In the past few decades, tremendous strides have been made in the immunotherapy of HCC, but there are still heterogeneous in the prognosis of patients, emphasizing the critical role of immune cell infiltration in HCC development as well as prognosis.29 Currently, anti-PD1, anti-programmed death ligand 1 (PD-L1), as well as anti-CTLA4 therapies have become key technologies for current tumor treatment. Nevertheless, there is a subset of patients who do not respond to the above treatments, and numerous studies indicate that PD1 as well as PD-L1 are not effective markers for forecasting treatment with ICIs.62,63 Hence, it is imperative to develop an effective tool for forecasting the efficacy of immunotherapy in patients. Based on the results of this research, we determined that HARG-score is an effective immune classifier that can be used to predict immunotherapy prognosis. Notably, the key gene HILPDA in HARG-score could facilitate HCC by influencing immune checkpoint genes.

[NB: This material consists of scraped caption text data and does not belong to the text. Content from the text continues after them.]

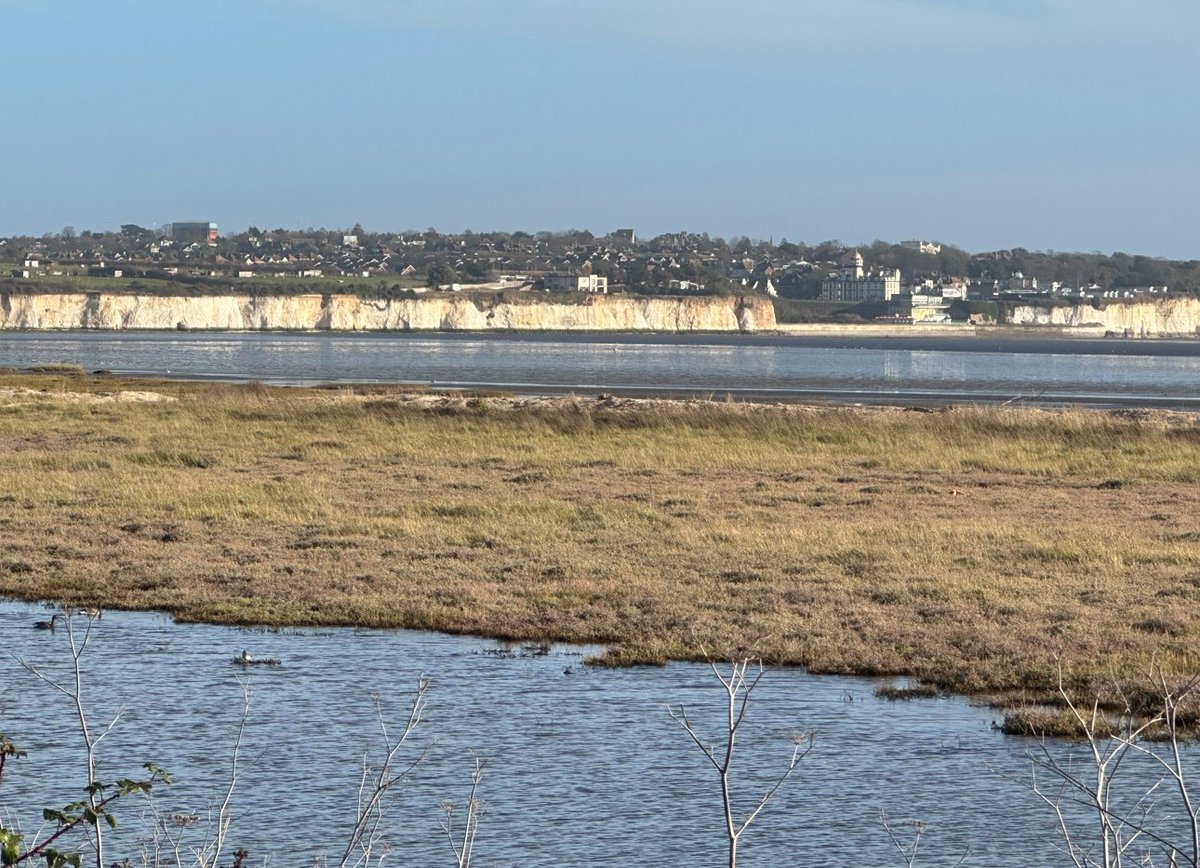 KentWildlife's tweet image. 📣 Our friends at #SaveMinsterMarshes are hosting a talk by author and environmentalist @RogerMGwriter on 18 September in Ramsgate.

Tickets are free but donations help their  campaign, fighting to protect the marshes &amp;amp; Pegwell Bay from development.

👉 eventbrite.co.uk/e/save-minster…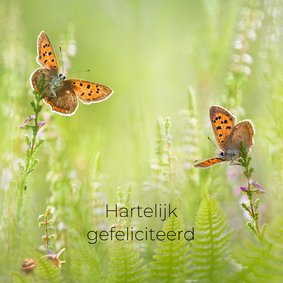 Verjaardagskaart vlinders in de zomer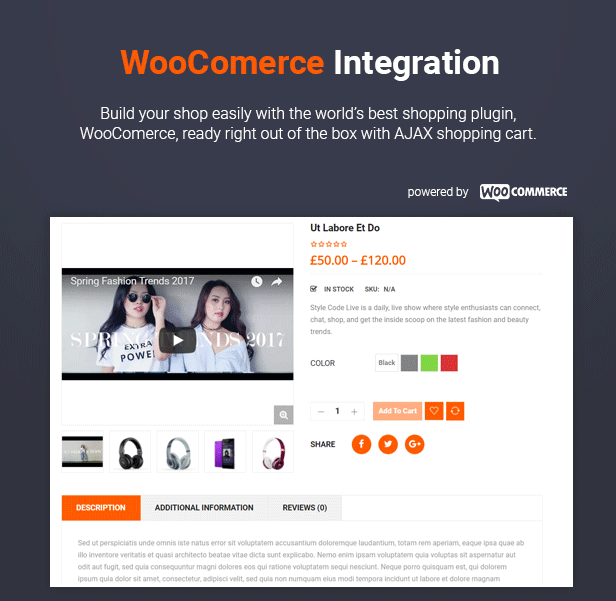SW alishop - WooCommerce Vorlage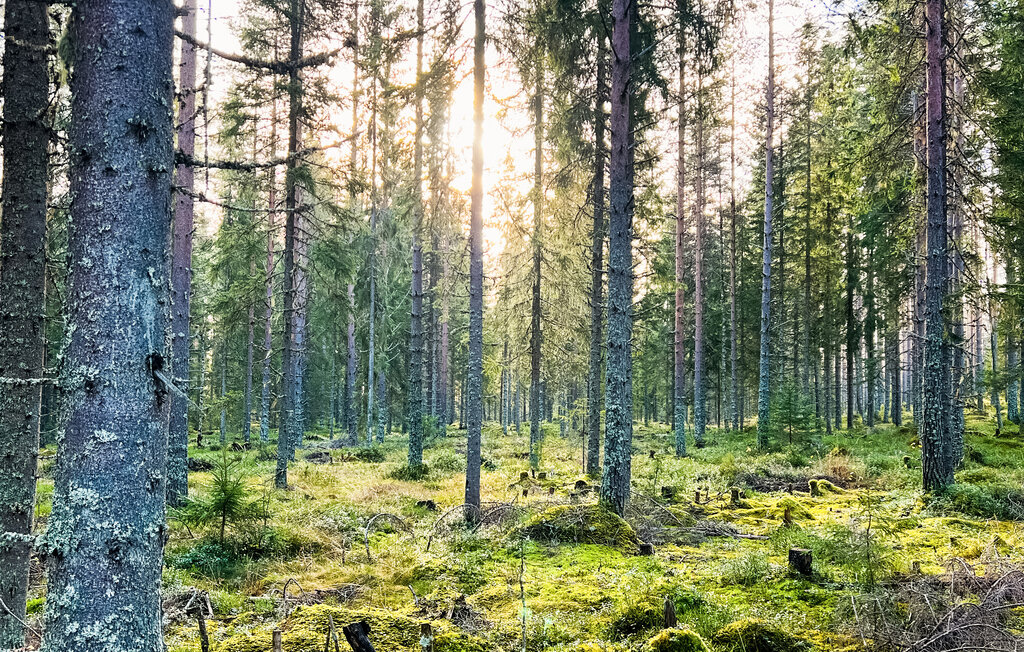 Semesterhus - Nyskoga/Torsby , Sverige - S73384 44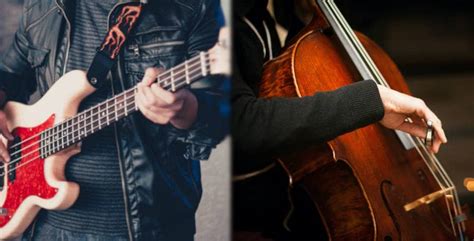 Bass Guitar Vs Cello Every Difference Explained Bassox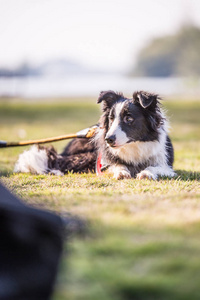 边境牧羊犬在草地上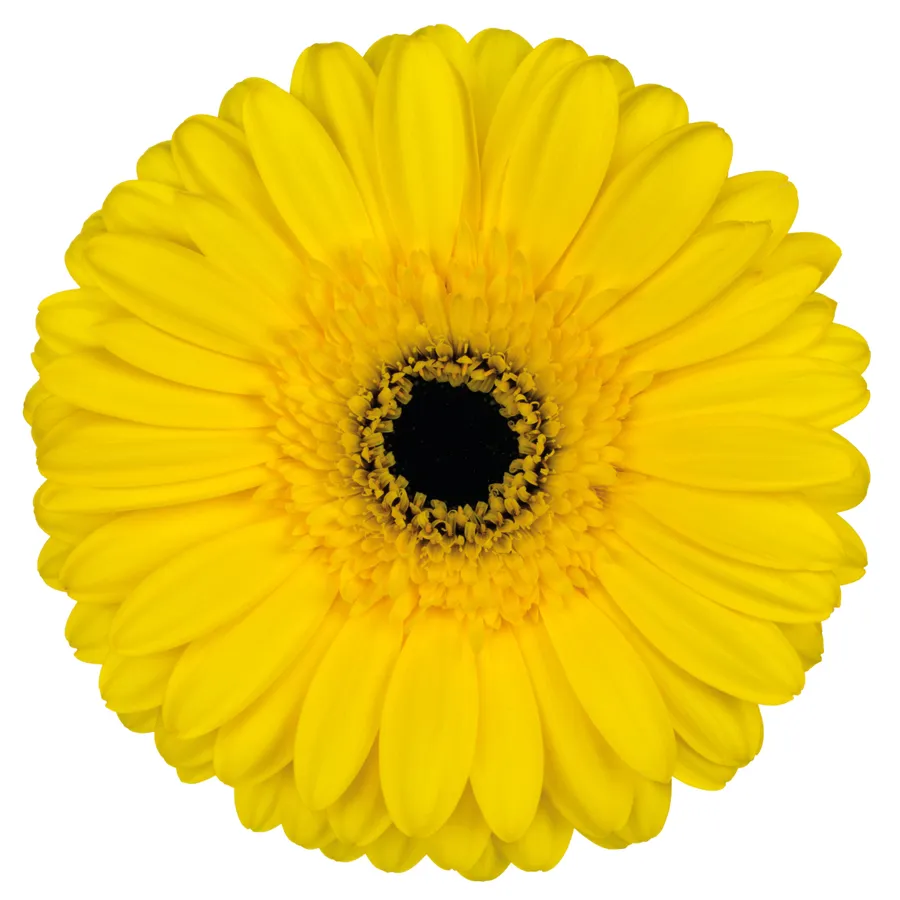 Westeros — Golden yellow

Our study correlated hypoxia-angiogenesis with the prognosis of HCC patients to develop a prognostic model HARG-score, and was superior to other angiogenesis-related signatures. Noteworthy, the key gene HILPDA promoted HCC development by promoting angiogenesis and affecting CTLA4 expression. Nevertheless, the present study has several limitations. Firstly, the data in our study were primarily derived from public databases, and a large amount of clinical data is needed to further verify the predictive ability of the prognostic model, and we have started collecting clinical verification samples. Secondly, the prognostic model was associated with immune infiltration, but its mechanism has not been fully elucidated, and more in vivo as well as in vitro experimental studies are needed to further explore, which is the direction of our future research.

Conclusion

Our comprehensive analysis of HARG-score indicated its association with prognosis, clinical characteristics, as well as immune infiltration in HCC. We also demonstrated the predictive ability of HARG-score in immunotherapy efficacy. These findings emphasized the crucial clinical significance of HARG-score in predicting survival as well as guiding personalized treatment for HCC, in which HILPDA may be a promising prognostic biomarker and therapeutic target, offering new insights to improve the prognosis and treatment of HCC.

Data Sharing Statement

Data relevant to our study are summarized in the paper or included in Supplementary figures and tables.

Ethical Statement

The human data involved in this study were approved by Scientific Research and New Technology of Wannan Medical College Yijishan Hospital IRB (approval number: 2024-102).

Acknowledgments

We appreciate the public databases involved in our study: TCGA (https://portal.gdc.cancer.gov/repository), ICGC (https://dcc.icgc.org/), GEO (https://www.ncbi.nlm.nih.gov/geo/), HPA (https://www.proteinatlas.org/) and GeneCards database (https://www.genecards.org/).

Author Contributions

All authors made a significant contribution to the work reported, whether that is in the conception, study design, execution, acquisition of data, analysis and interpretation, or in all these areas; took part in drafting, revising or critically reviewing the article; gave final approval of the version to be published; have agreed on the journal to which the article has been submitted; and agree to be accountable for all aspects of the work.

Funding

Our study was funded by the National Natural Science Foundation of China (Grant Nos. 82200662, 81270498 and 81970518), the Nature and Science Fund from Wannan Medical College (Grant No. WK2022F04 and WKS201917), 2023 Clinical Pharmacy Research Fund of the Clinical Pharmacy Branch of the Chinese Medical Association (Z-2021-46-2101-2023), the Natural Science Foundation of Anhui Province (Grant No. 1608085MH178).

Disclosure

The authors declare that they have no competing interests in this work.